> [Task input]:
*-*-*

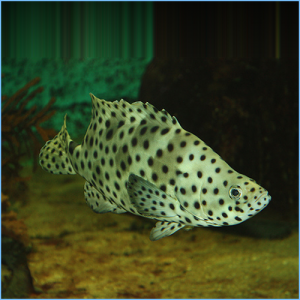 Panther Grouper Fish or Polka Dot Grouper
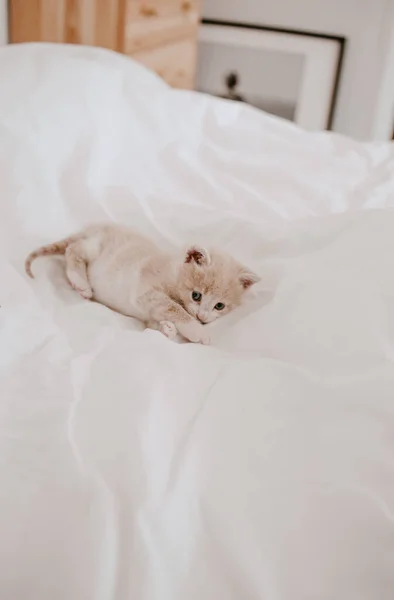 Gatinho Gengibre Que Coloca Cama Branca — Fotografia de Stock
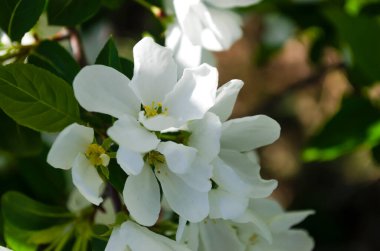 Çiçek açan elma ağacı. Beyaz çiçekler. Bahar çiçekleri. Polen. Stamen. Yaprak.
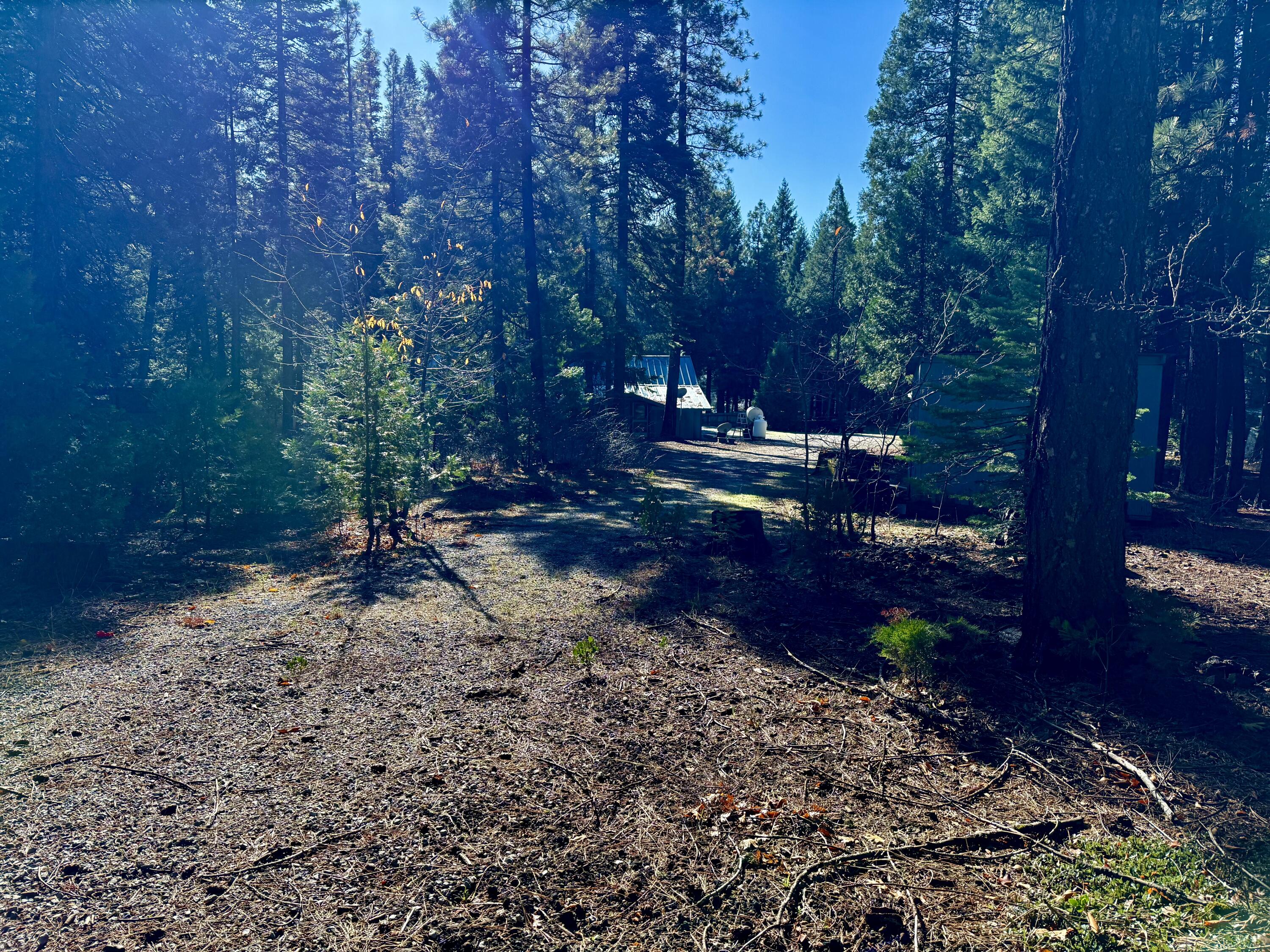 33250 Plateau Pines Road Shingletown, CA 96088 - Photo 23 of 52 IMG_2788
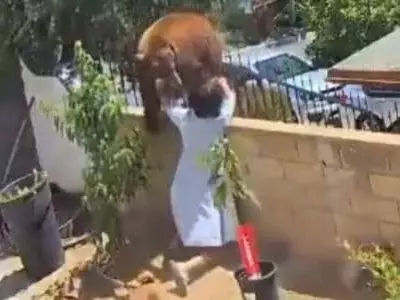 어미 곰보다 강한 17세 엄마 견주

*-*-*

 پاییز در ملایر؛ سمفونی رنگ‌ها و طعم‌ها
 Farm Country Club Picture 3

*-*-*

> [Problem description]: Would you set down only the lines above from the line with "Gatinho Gengibre Que" to the line with "어미 곰보다 강한 17세 엄마 견주", both included, exactly as they stand and without the pictures?

> [Answer for this exercise]:
 Gatinho Gengibre Que Coloca Cama Branca — Fotografia de Stock
 Çiçek açan elma ağacı. Beyaz çiçekler. Bahar çiçekleri. Polen. Stamen. Yaprak.
 33250 Plateau Pines Road Shingletown, CA 96088 - Photo 23 of 52 IMG_2788
 어미 곰보다 강한 17세 엄마 견주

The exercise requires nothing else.